Data is in the Chicago Department of Public Health’s DNA. They collect, curate and share valuable data every day to drive deeper insights and empower creative strategies to close the racial life expectancy gap.
The Healthy Chicago Equity Zones initiative was launched as part of Healthy Chicago 2025, the City’s community health improvement plan. The plan calls upon the City and partners across sectors to support community organizations, particularly in Black and Latinx communities, as they take the lead on strategies that address the root causes of health inequities, including structural racism.
Centers for Disease Control and Prevention (CDC) funding for targeted vaccine outreach was allocated in the six Healthy Chicago Equity Zones first. Each Health Equity Zone is led by a regional or community organization that provides backbone financial, administrative, and project management support in their respective area while engaging multiple stakeholders to create and implement hyper local programs.
“The Healthy Chicago Equity Zone model is the city’s attempt to take some of what has been good with COVID – funding community-based organizations, working together on things like chronic disease,” Dr.
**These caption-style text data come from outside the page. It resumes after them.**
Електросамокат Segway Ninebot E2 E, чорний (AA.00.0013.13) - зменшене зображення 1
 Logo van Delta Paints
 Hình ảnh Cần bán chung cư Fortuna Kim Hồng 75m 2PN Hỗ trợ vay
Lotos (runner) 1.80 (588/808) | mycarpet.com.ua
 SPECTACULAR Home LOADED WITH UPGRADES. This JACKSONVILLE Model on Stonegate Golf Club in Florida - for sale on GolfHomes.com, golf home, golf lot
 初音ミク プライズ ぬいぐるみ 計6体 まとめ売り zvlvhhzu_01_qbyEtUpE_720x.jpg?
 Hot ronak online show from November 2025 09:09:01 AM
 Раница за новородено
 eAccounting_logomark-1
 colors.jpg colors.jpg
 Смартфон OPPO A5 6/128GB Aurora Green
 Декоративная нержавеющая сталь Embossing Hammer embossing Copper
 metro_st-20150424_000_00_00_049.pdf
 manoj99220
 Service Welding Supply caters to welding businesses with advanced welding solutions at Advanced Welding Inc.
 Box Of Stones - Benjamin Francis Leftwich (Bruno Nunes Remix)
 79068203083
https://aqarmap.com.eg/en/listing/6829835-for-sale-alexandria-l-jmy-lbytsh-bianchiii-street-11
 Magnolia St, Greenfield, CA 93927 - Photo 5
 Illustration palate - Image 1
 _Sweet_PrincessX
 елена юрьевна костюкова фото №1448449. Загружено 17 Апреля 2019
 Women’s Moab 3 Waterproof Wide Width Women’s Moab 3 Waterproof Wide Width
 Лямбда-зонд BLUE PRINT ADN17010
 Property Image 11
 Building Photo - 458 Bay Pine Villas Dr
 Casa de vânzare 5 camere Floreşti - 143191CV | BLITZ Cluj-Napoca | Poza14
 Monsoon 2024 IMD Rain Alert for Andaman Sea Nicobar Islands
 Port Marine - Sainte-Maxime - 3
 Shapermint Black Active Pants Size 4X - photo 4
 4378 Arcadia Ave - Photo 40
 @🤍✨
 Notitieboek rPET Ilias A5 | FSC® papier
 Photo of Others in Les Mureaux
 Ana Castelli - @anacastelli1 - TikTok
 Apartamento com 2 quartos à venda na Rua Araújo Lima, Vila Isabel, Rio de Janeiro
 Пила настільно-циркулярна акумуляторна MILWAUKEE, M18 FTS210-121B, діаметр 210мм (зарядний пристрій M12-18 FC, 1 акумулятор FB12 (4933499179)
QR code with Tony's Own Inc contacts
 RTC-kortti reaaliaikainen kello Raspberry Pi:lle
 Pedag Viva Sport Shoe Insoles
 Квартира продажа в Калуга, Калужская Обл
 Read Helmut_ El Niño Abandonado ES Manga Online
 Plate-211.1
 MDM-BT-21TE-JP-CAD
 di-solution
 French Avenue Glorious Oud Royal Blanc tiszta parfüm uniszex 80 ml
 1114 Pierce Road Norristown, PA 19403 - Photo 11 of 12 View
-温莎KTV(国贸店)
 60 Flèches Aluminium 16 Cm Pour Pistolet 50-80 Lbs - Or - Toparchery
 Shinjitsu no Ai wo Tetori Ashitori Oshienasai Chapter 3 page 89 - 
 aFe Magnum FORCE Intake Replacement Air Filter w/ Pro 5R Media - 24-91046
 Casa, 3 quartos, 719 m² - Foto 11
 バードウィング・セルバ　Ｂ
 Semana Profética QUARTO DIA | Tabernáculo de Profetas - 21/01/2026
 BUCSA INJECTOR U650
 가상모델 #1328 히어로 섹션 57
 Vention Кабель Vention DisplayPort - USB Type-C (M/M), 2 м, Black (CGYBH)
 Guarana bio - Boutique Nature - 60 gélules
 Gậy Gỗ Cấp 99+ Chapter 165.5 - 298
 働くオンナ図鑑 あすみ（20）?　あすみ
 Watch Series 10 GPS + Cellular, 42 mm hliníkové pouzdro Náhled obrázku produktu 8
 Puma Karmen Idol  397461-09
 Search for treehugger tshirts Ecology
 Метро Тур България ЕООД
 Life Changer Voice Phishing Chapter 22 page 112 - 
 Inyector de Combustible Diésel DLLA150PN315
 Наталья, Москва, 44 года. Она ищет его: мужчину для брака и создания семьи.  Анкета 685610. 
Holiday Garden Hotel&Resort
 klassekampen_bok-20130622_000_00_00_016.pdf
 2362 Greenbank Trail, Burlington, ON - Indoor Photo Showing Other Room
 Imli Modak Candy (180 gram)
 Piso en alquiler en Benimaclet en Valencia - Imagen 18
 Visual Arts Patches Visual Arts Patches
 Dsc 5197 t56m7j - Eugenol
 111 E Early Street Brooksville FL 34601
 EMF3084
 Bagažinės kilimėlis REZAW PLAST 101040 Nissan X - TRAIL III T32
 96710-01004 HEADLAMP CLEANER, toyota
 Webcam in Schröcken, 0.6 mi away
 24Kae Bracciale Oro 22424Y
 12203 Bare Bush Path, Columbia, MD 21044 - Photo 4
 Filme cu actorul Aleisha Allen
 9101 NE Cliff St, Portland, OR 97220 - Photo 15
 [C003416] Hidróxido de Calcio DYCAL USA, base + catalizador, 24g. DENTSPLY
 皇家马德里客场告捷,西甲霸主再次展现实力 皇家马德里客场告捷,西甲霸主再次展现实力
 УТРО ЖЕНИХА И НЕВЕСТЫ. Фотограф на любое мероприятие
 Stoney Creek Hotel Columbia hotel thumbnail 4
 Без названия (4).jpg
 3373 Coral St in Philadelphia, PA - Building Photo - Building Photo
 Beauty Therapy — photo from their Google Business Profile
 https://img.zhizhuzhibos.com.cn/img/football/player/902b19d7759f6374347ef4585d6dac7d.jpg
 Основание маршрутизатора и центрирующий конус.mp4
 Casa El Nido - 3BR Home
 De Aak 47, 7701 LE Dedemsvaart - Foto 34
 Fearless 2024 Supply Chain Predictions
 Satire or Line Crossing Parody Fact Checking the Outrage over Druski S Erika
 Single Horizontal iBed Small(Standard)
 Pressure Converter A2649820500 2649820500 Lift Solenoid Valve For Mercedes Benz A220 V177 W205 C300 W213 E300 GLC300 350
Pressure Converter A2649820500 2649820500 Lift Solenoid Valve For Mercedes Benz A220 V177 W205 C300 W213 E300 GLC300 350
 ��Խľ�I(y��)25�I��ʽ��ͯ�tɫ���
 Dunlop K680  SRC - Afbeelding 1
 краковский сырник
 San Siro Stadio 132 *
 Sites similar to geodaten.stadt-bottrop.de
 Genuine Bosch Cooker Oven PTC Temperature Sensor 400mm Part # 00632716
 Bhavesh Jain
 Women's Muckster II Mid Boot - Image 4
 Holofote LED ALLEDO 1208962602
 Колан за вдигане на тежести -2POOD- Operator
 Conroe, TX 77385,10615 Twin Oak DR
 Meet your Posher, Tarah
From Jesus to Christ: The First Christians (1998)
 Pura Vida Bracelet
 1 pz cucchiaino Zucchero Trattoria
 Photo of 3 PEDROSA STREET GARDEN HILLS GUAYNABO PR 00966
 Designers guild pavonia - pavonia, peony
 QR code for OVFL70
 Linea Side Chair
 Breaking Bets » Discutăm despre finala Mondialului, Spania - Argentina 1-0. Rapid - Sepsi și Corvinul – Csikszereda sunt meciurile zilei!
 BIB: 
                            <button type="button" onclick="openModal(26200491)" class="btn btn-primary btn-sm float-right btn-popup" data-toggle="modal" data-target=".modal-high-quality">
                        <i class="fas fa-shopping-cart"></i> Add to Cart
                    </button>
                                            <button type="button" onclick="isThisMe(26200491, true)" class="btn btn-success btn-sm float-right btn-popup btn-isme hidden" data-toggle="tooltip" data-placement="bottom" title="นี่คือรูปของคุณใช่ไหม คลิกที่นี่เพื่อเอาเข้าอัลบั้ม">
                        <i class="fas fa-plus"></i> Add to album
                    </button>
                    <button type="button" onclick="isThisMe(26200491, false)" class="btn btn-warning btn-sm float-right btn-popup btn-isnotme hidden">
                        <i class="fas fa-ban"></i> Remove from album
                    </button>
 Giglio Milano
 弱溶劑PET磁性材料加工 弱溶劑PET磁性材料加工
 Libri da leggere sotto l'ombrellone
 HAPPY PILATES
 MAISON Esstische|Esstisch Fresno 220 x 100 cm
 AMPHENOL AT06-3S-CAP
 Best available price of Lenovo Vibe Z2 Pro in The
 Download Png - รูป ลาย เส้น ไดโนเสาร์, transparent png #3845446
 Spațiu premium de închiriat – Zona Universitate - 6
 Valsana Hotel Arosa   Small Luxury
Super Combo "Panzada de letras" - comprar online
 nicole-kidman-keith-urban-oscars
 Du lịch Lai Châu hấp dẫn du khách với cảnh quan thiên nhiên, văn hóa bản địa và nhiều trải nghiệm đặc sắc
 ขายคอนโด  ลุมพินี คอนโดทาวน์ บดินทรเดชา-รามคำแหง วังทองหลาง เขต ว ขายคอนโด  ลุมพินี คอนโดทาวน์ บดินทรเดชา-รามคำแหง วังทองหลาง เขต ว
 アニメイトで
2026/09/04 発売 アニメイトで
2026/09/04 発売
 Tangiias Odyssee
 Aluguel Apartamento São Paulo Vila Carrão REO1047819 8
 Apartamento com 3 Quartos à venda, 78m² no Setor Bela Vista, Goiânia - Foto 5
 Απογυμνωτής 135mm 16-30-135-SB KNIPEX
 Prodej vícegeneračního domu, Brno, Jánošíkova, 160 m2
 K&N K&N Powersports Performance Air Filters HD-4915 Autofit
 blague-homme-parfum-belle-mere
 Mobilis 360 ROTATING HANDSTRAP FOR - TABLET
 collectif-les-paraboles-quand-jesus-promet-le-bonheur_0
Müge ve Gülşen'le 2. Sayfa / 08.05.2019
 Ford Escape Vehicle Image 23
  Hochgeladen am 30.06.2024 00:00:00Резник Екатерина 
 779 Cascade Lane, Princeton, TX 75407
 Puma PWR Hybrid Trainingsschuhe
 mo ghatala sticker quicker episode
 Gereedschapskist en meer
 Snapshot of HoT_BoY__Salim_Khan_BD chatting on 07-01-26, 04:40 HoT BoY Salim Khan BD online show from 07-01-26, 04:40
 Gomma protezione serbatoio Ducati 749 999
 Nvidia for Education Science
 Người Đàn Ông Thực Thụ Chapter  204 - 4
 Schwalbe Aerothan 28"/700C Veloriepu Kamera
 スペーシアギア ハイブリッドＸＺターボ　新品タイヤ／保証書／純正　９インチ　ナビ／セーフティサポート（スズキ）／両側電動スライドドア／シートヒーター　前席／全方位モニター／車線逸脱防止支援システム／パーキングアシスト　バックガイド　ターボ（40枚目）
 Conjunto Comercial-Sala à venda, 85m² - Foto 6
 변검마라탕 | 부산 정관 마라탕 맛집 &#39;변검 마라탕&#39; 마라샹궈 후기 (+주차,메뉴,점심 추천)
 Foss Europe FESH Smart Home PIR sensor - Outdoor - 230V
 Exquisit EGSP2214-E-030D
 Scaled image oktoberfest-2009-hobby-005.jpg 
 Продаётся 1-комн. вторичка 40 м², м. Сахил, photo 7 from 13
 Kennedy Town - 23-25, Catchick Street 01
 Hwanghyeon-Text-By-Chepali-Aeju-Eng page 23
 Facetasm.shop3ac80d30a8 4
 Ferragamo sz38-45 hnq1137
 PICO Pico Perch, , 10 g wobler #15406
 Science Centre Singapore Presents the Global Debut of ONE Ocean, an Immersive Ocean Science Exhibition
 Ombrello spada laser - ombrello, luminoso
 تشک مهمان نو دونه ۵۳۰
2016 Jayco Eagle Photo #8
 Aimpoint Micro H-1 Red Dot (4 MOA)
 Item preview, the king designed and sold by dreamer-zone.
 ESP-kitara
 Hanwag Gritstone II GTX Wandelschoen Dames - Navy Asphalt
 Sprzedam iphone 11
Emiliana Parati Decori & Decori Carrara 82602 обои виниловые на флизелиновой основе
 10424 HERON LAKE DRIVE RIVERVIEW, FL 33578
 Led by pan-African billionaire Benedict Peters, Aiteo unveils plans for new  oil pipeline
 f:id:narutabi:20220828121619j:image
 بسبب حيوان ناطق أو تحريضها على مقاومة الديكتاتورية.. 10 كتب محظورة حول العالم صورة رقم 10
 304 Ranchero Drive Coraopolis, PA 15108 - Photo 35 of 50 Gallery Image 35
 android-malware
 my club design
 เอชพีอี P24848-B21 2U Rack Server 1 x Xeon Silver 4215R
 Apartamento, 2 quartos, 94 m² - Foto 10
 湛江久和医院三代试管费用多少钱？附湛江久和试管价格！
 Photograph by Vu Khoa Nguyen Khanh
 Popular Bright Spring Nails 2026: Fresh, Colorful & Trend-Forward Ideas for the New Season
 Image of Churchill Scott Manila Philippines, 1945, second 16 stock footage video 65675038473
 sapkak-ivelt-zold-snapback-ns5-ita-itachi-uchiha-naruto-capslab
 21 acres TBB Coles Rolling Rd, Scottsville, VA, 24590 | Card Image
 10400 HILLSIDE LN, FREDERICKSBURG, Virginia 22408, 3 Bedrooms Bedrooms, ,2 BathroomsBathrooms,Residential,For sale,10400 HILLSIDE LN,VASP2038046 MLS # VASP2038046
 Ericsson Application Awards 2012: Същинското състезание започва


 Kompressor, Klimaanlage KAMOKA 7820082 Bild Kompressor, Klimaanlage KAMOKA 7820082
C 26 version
Allison Arwady, Commissioner, Chicago Department of Public Health recently said in the Chicago Tribune. “Even in the year 2020, heart disease was still the number one thing that killed Chicagoans. COVID was number two and it goes from there.”
Data accessibility drives action
Chicago Department of Public Health recently launched an expanded Chicago Health Atlas that includes all six of the Healthy Chicago Equity Zones. With the Health Atlas, CDPH can safely share their own data and incorporate hundreds of other government datasets. The goal is to increase the ability of all community-based organizations to access and use data to identify disparities unique to their neighborhoods and create meaningful interventions.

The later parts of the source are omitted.